The Iraqi diaspora, consisting of hundreds of thousands of professionals, could return to Iraq with guarantees for their safety, possibly provided by an agreement whereby any violations of their security would entail the arrest of Saddam and the immediate sequestering of oil revenues.

Commercial arrangements for the export of Iraqi oil would return to a free market basis when an elected government was in place. In the meantime, negotiations with oil companies would be handled by the UN, in an extension of present arrangements.

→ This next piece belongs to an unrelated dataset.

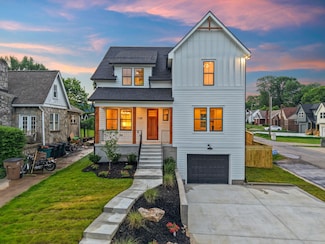 1135 Delmas Ave, Nashville, TN 37216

OPEC could continue. Such a settlement would not include the establishment of US military bases in Iraq, but it would imply the final dismantling of any remaining CBW (Chemical and Biological Weapons), a residual UN inspection force, and a UN resolution making clear that any return to the development/deployment of WMD was strictly and would be enforcably prohibited.

There are two advantages for the European Union in offering a plan along these lines. It is not in the EU’s interest to have the US dominate access to and/or distribution of the oil reserves of the Gulf and Iraq, reserves so vast that even at double present extraction rates they will last for a century.

Second, the EU has up until now been relatively uninvolved and is thus perhaps an acceptable “honest broker” for negotiations given that the UN, the US and the UK are already so deeply mired in the conflict.

17th January 2003

This proposal is based on interviews in Baghdad with the Deputy Prime Minster, the Foreign Minister and the Oil Minister, followed by conversations with analysts in London and Washington. It is put forward by Dr Scilla Elworthy, director of the Oxford Research Group, established in 1982 to research decision making on weapons of mass destruction, and Paul Rogers, Professor of Peace Studies at the University of Bradford.